My 06 is the same way and its the U-joint, gm told me its not servicable you have to replace the driveshaft at $1400 so im gonna run it awhile till it gets really bad and buy a 1 piece for 600.


----------



## poof1887 (Sep 21, 2010)

I love my aluminum drive shaft, just becareful with clearance. I don't know about others, but I had an issue with my stock resonator hitting my new one piece drive shaft when I went over large bumps, motivated me to getting my resonator removed lol


----------



## taylorb765 (Jun 11, 2010)

poof1887 said:


> I love my aluminum drive shaft, just becareful with clearance. I don't know about others, but I had an issue with my stock resonator hitting my new one piece drive shaft when I went over large bumps, motivated me to getting my resonator removed lol


First thing I did with my GTO was delete the resonator lol, just put in an x pipe yesterday with the muffler deletes it sounds amazing and not even that loud.


----------



## BlackJackByte (Aug 31, 2009)

taylorb765 said:


> First thing I did with my GTO was delete the resonator lol, just put in an x pipe yesterday with the muffler deletes it sounds amazing and not even that loud.

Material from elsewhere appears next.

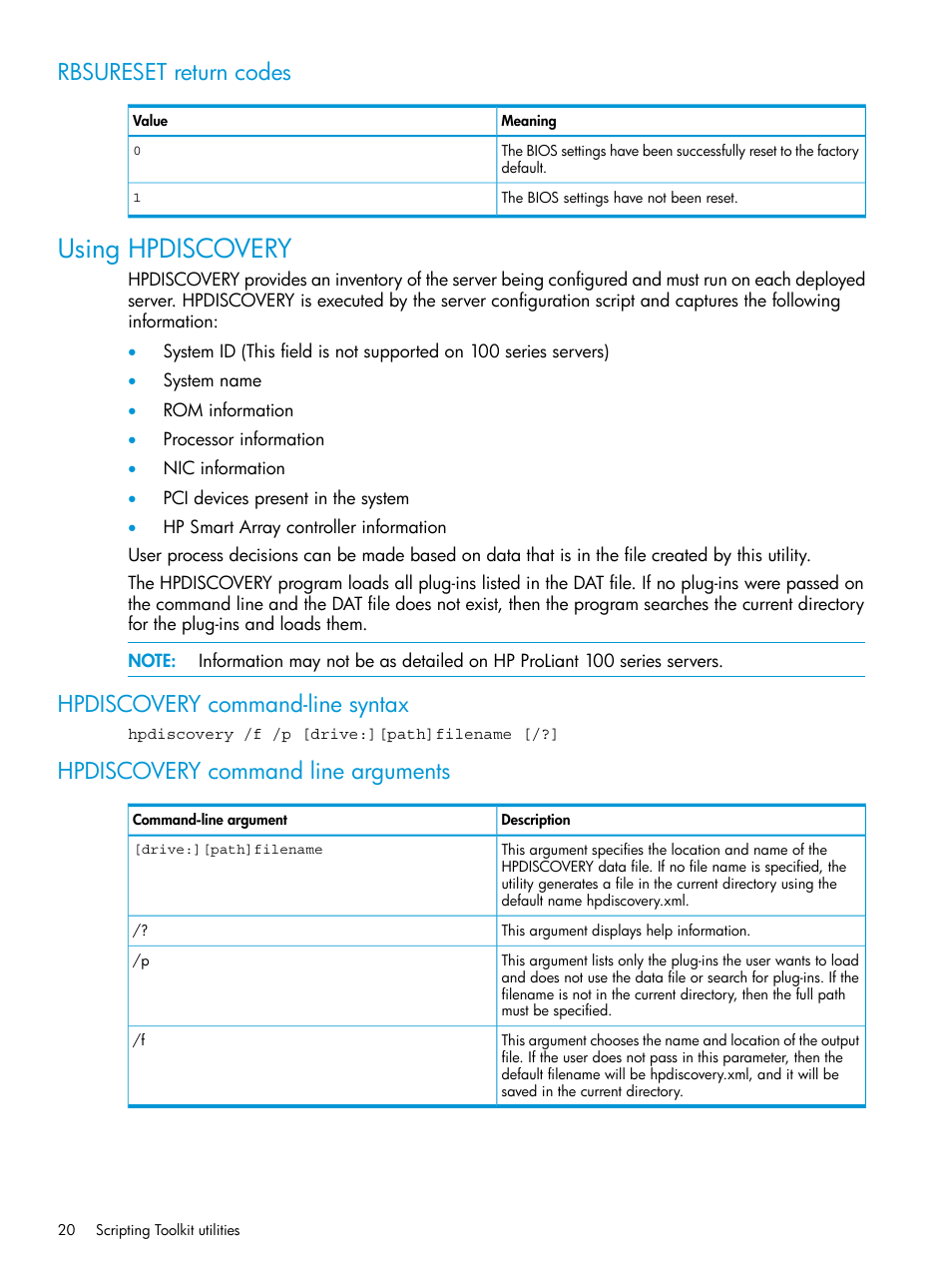 Rbsureset return codes, Using hpdiscovery, Hpdiscovery command-line syntax | Hpdiscovery command line arguments | HP Scripting Toolkit for Windows 9.50 User Manual | Page 20 / 62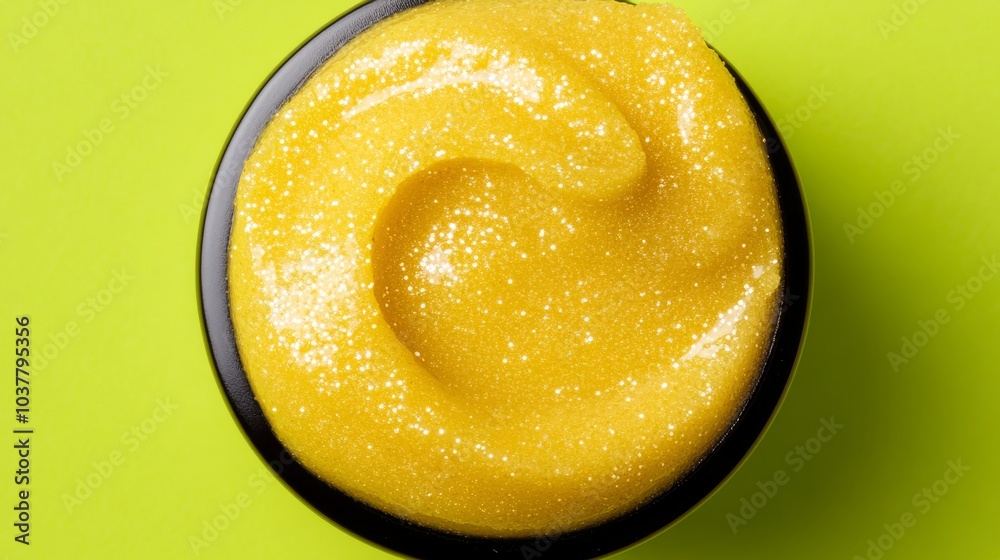 A luxurious gold shimmer and vanilla scrub with fine gold shimmer particles mixed into a creamy vanilla base, resting on a sleek lime green background. A luxurious gold shimmer and vanilla scrub with fine gold shimmer particles mixed into a creamy vanilla base, resting on a sleek lime green background.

Tahnks to both of you guys because thats a problem I've had from the get go. Think I'll have a problem with clearance with a Corsa Sport 05-06 exhaust set-up?

Also, what are some good driveshafts to loom at besides BMRs? Thanks.


----------



## poof1887 (Sep 21, 2010)

U shouldn't have any clearance problems. Just don't put the stock resonator on, which wouldn't make much sense anyway lol. 
Just and FYI, that exhaust system will sound GREAT if u do a cat delete. And u'll feel a nice power boost when u get a tune for the cat delete.


----------